A.世の中には様々な働き方がありますが、多くの人は企業や団体に雇われて働いています。そのような働き方は一般に「雇用」と呼ばれますが、労働法はそのような「雇用」に関わる法律です。「雇用」は契約に基づいて行われますので、「雇用」についても基本的に民法のルールが適用されますが、「雇用」がもつ特殊な性質のために、様々な特別ルールが形成されてきました。労働基準法や労働契約法、また、労働組合法といった法律がそれに当たります。労働法は、これらの法律の総称ということになります。
「雇用」がもつ特殊な性質については授業の中で説明しますが、その結果として、労働者の生命・健康、さらには人格等を保護する必要が生じます。また、多くの労働者にとって企業・団体から支払われる賃金が唯一の収入源ですから、それを確保する必要も生じます。これらの必要は、国民生活にとって切実なものですので、国は、単に企業・団体と働く人との間の契約関係を規律するルールを定めるだけでなく、行政的な取締りやルール違反に対する刑罰の賦課等も行っています。したがって、労働法は私法における民法の特別法にとどまらず、公法にも跨がる法分野ということになります。
A.多くの人が「雇用」という形で働いていますから、労働法は多くの国民にとって自分の日常にかかわる大事なルールということになります。多くの人に関わりますので、相談案件も多く、弁護士事務所の日常においても無縁ではいられないものです。相談に来る労働者は、切迫した状況にあることが多く、これに適切に対応することは、弁護士の社会的責務であると言えましょう。
また、企業法務という観点から見ましても、コンプライアンス意識の高まりの下、労働法の意義は大きくなっています。労働法令の遵守を怠りますと、たとえば違法残業事例を見てもわかりますように、金銭的なダメージが生じるだけでなく、社会的信用の低下や、引いては労働者の募集に支障を生じるなどの影響も生じます。労働法令は近年複雑化するとともに、改正も頻繁に行われています。知らないうちに違法状態になっていたり、他方、複雑な制度をうまく利用することでより柔軟な働き方を実現できたりします。こうした法令の動きに適切に対応することは企業法務にとって重要な課題であり、それをサポートすることは顧問会社に対する弁護士事務所の重要な責務の1つと言えます。

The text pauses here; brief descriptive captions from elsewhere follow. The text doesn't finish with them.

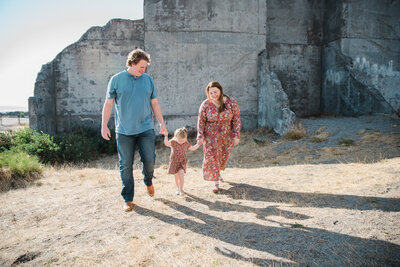 Family walking between concrete structures at Chambers Bay park for summer family photos
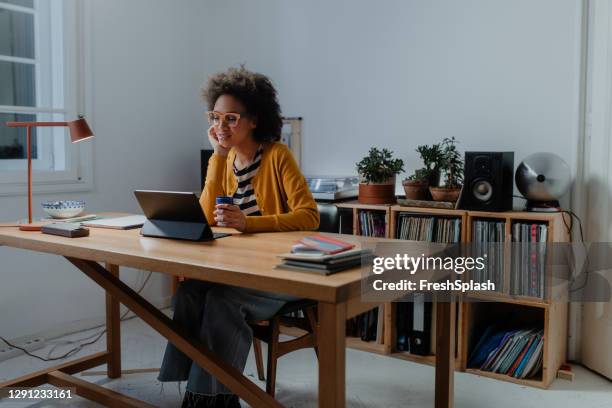 working from home late at night: a young african american woman sitting in her home office and using a digital tablet - office space movie stock pictures, royalty-free photos & images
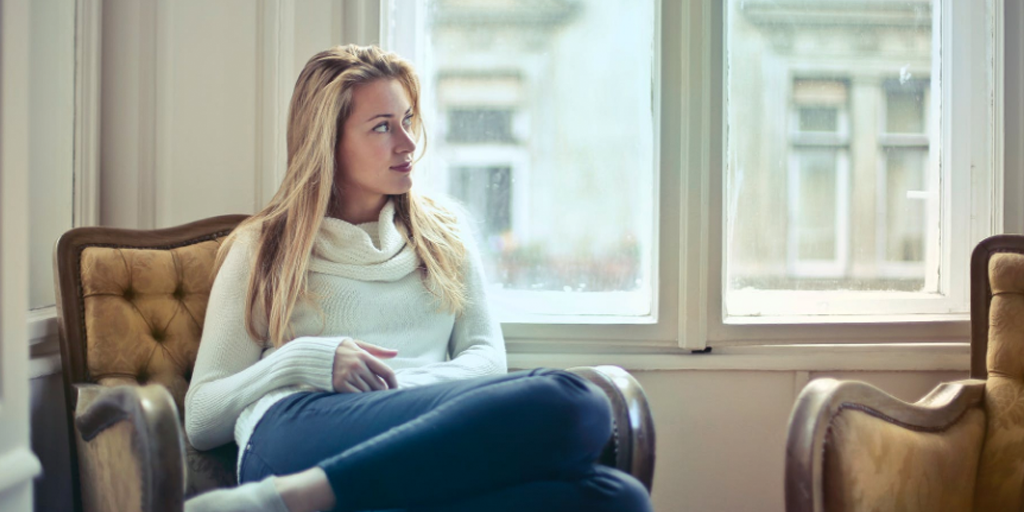 woman on a chair looking pensive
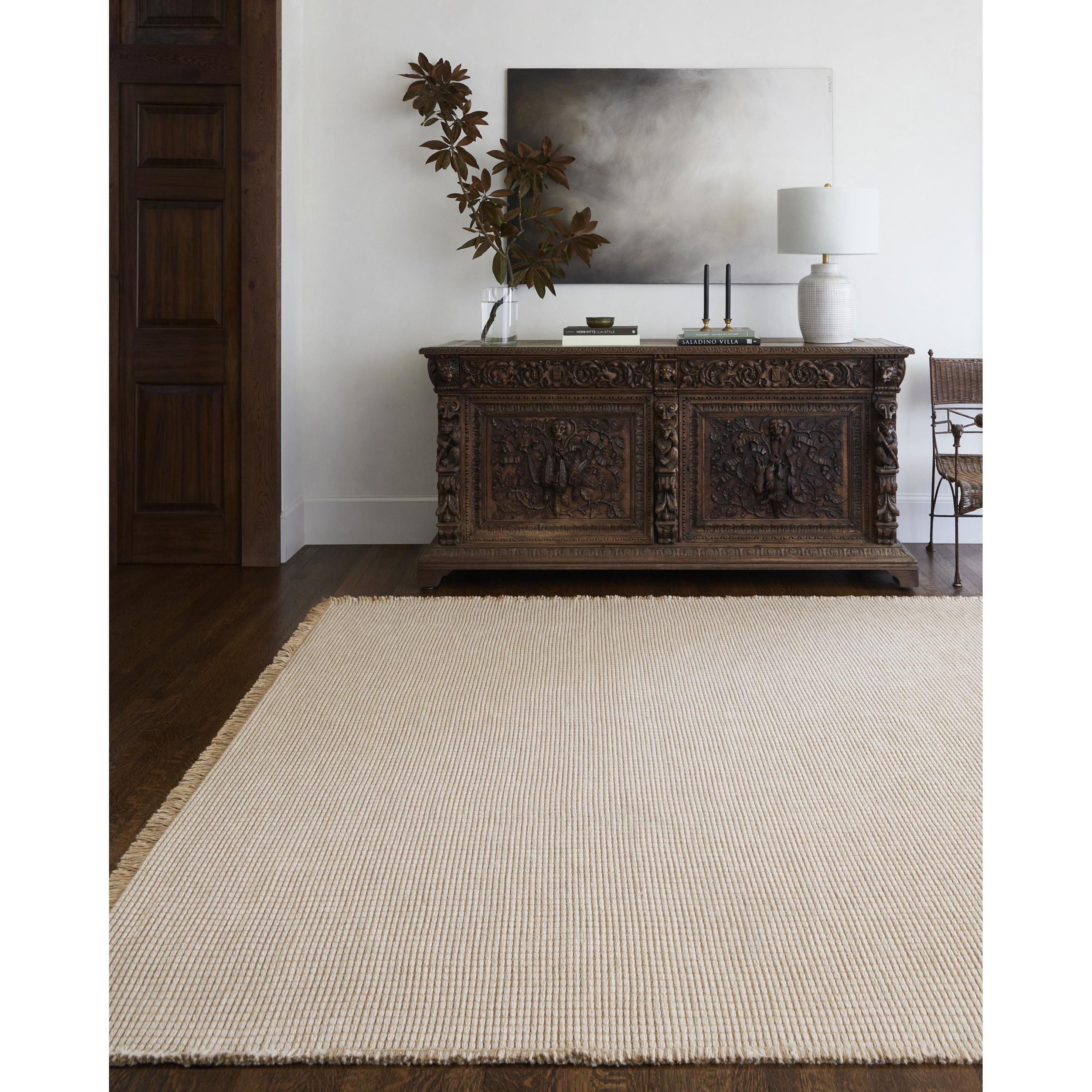 Featuring Becki Owens x Surya Kimi Light Beige Rug by Surya at Amethyst Home. This unique and exquisite Kimi area rug is a special collaboration piece from our Becki Owens x Surya line. The perfect addition to any space, this beautiful rug features a unique stitched design made of polypropylene and jute. Its main colors of natural and beige add a textural woven. Amethyst Home provides interior design, new home construction design consulting, vintage area rugs, and lighting in the Omaha metro area.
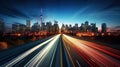 big city skyline and traffic lights blurred motion, skyscrapers and highway light trails at rush hour Royalty Free Stock Photo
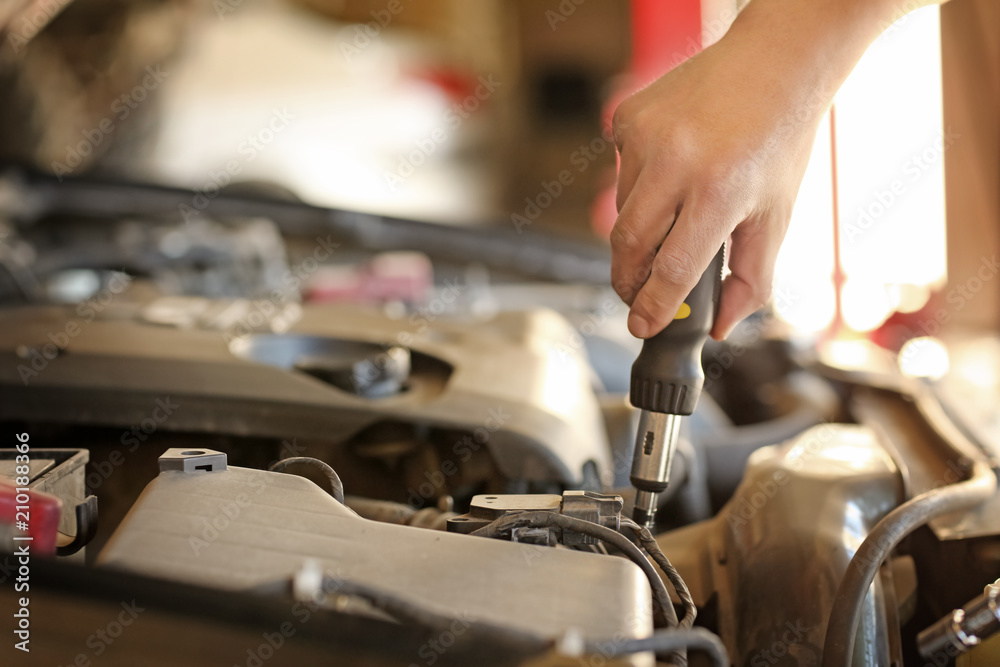 Auto mechanic repairing car in service center, closeup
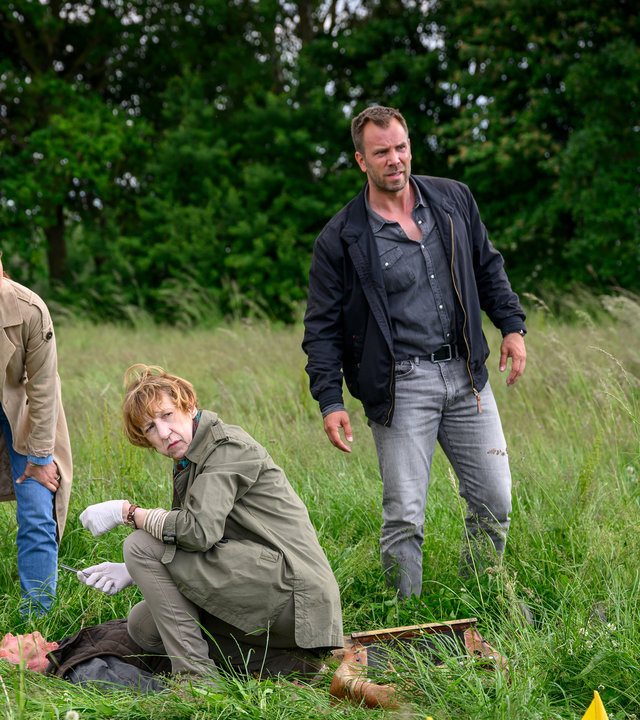 "SOKO Wismar – Der Umbetter": Auf einer Wiese umgeben von Bäumen, liegt das Opfer Enno Kämpfer (Carsten Voigt) auf dem Boden. Daneben kniet Rechtsmedizinerin Dr. Helene Sturbeck (Katharina Blaschke), begleitet von Kommissarin Karoline Joost (Nike Fuhrmann) und Kommissar Lars Pöhlmann (Dominic Boeer).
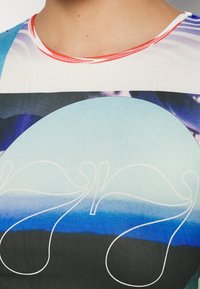 Tričko s krátkým rukávem a klasickým výstřihem z lehké tkaniny. Vyznačuje se abstraktními modro-černými vzory a bílými liniemi na přední straně.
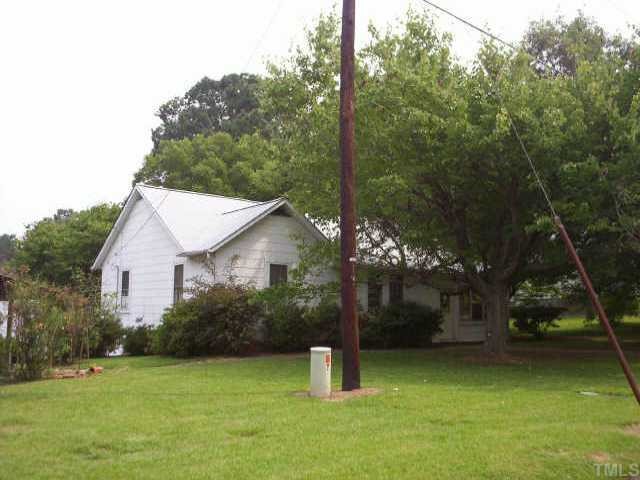 55 Wrenon Roxboro, NC 27573 - Photo 1 of 1 a view of a house with backyard and trees
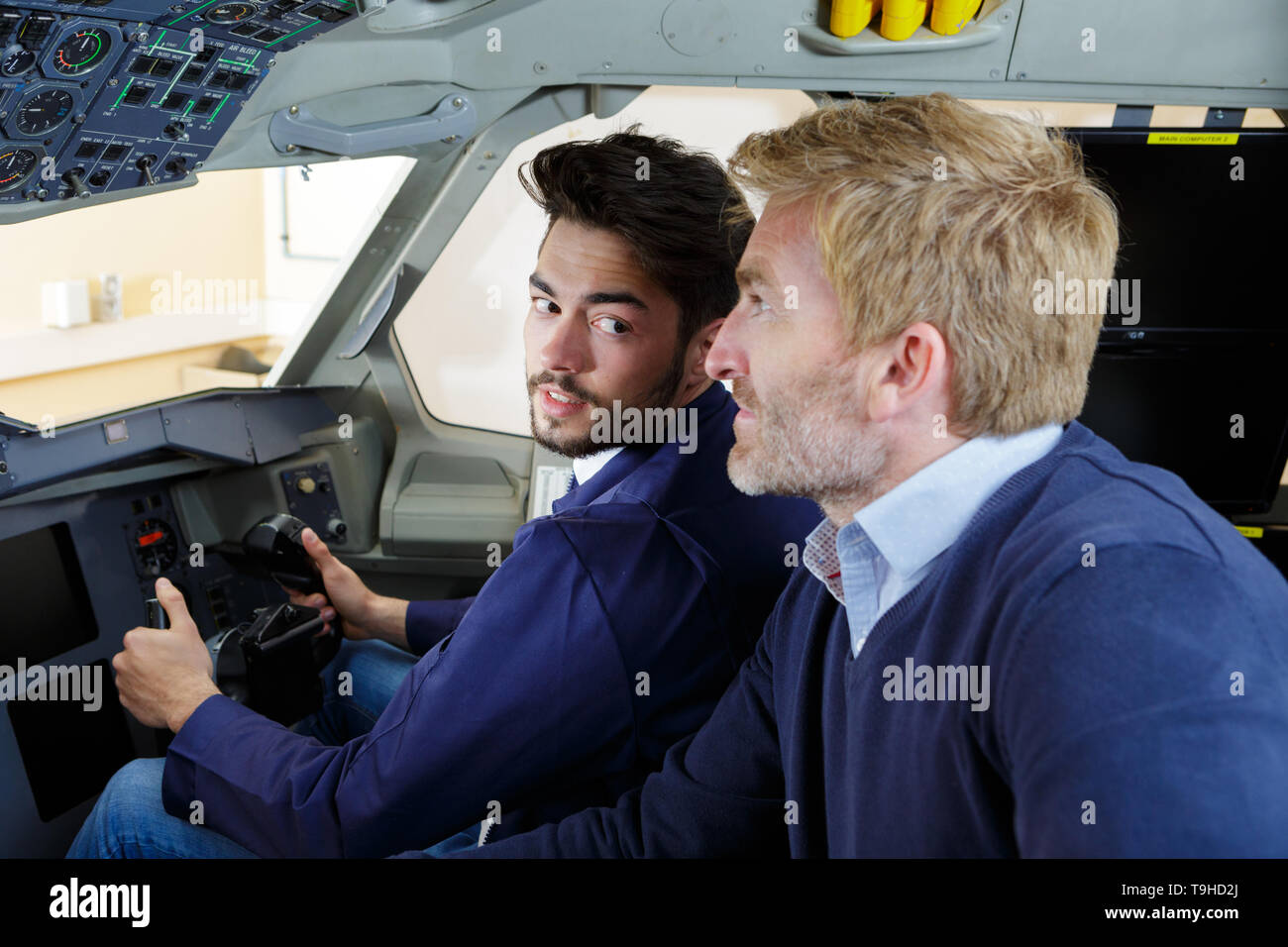 happy pilot apprentice talking to manager Stock Photo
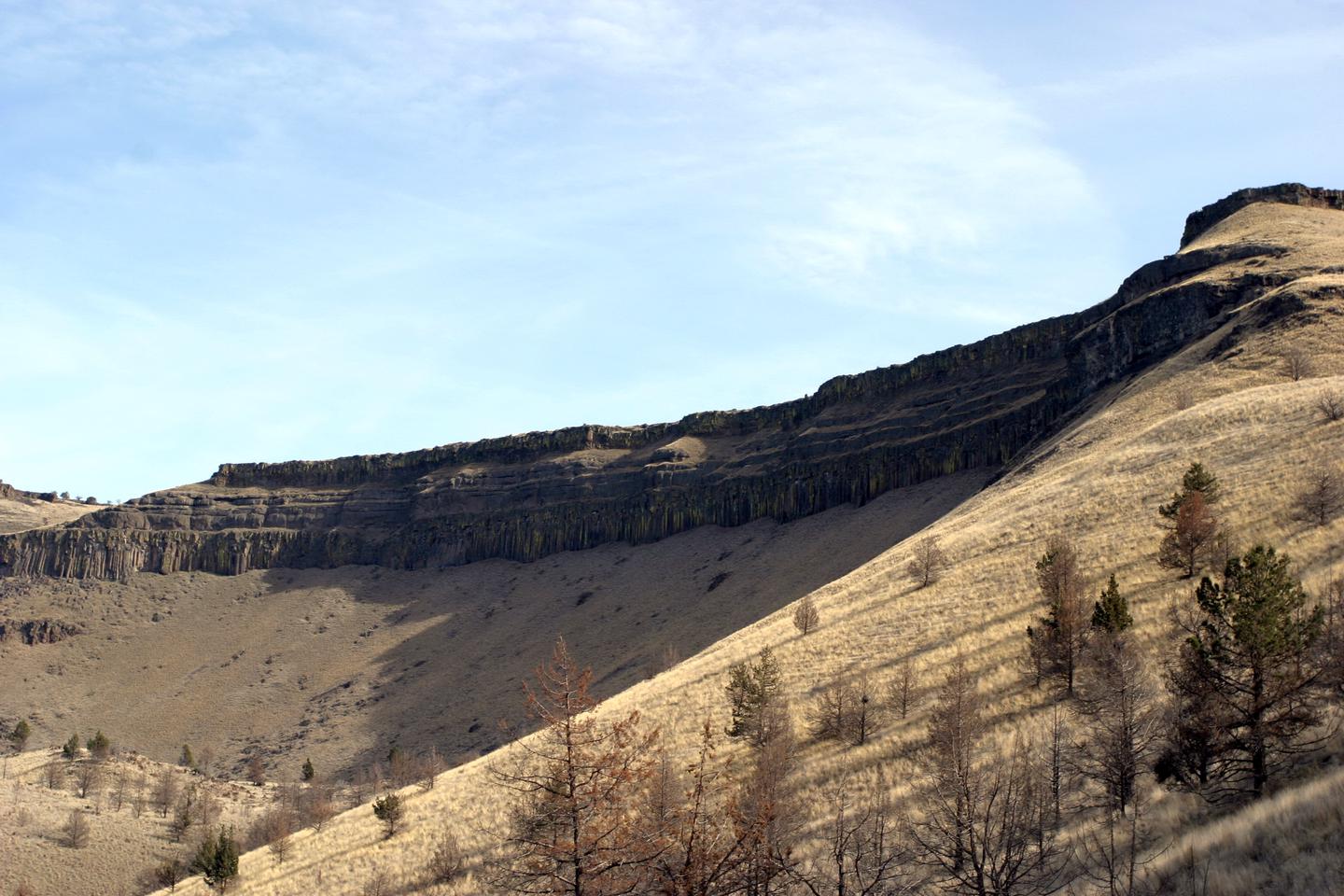 Mecca Flat Campground — Basaltic rim rock above Mecca Flat Campground.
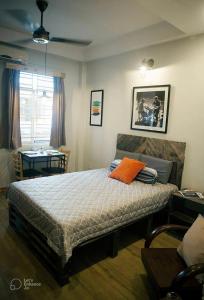 a bedroom with a bed with an orange pillow on it at Deluxe Room have Balcony D1-Dakao in Ho Chi Minh City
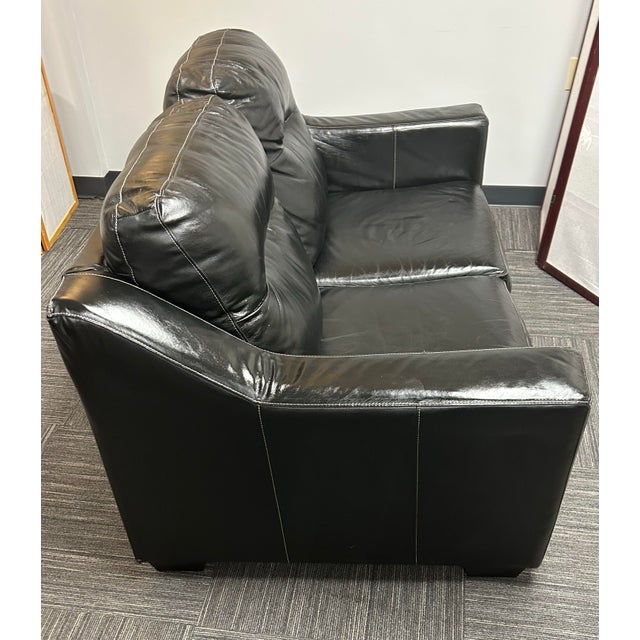 Two seat leather sofa with white stitching and cushioned backrests and seats. Transitional style, perfect size for smaller...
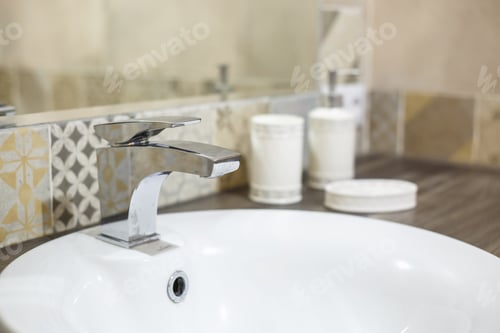 Preview: Water tap sink with faucet in expensive loft bathroom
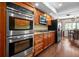 Kitchen with stainless steel appliances, granite counters, wood cabinets, and dining area at 2020 E Dolphin Dr, Englewood, FL 34223
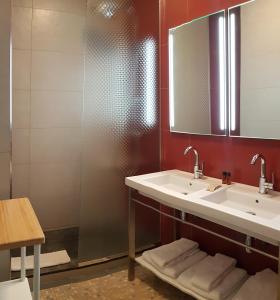 La salle de bains est pourvue d'un lavabo et d'un miroir. dans l'établissement Hotel Pyrenées Atlantique, à Saint-Pée-sur-Nivelle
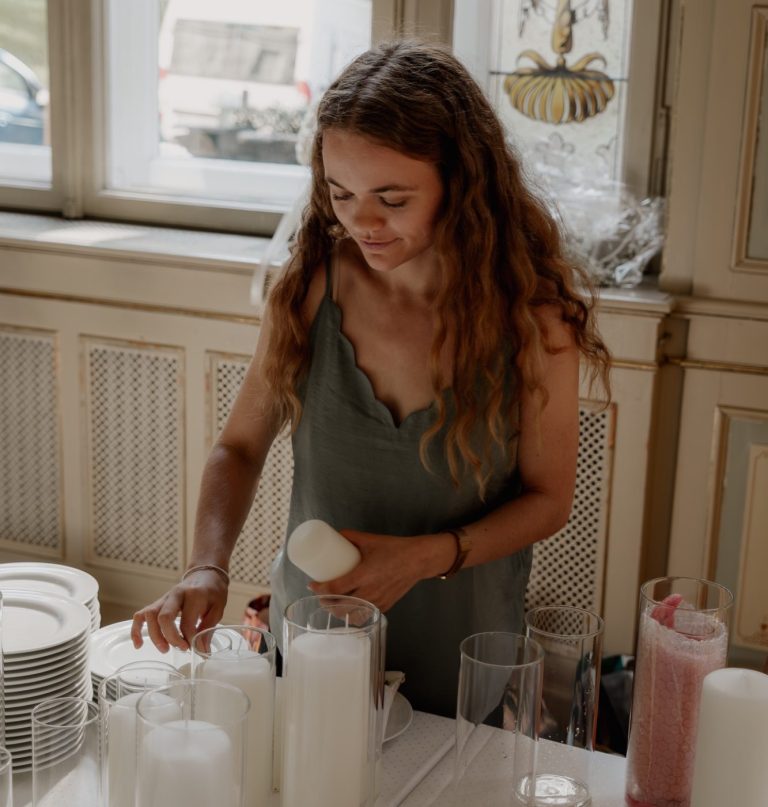 Hochzeitsplanerin Hannah von NeckarMomente sitzt lächelnd mit einem hellen Anzug und einem Plan in der Hand auf einem rosanem Stuhl.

A.労働法については、労働法Ⅰ及びⅡ、そして労働法総合演習という3つの科目が開講されます。労働法Ⅰ及びⅡは、労働法全体の基本的理解を目的とした科目であり、労働法総合演習は、労働法に関する基本的理解を実践の場で確実に用いることができるようになることを目的とした科目です。
労働法Ⅰ及びⅡにおいては、『ケースブック労働法』(有斐閣)を用いて授業をします。判例については、『判例百選』などの判例集を用意しておくと便利でしょう。あらかじめ配布するレジュメには、設問が設けられていますので、それに答える形で予習し授業に臨むことが必要です。重要な部分についての理解を確認するための質疑応答を行います。
法科大学院に入学する前、すでに学部において労働法を学んだ人もいると思いますが、労働法Ⅰ及びⅡにおいては、労働法を学んだことのない人を前提とした授業を行います。もっとも、法曹養成を目的とした授業ですので、学部における労働法の授業とは一味違うものとなります。学部で労働法を学んだという人にも受講の価値はあるものと思います。
労働法総合演習においては、労働法Ⅰ及びⅡにおいて習得した理解を用いて、事例を解析する演習を行います。参加者は、あらかじめ事例を法的に分析して授業に臨むことが必要です。事例を分析して法的論点を見つけ出し、それに関する理論的な分析を行うことで、適切な解決を見いだす練習をします。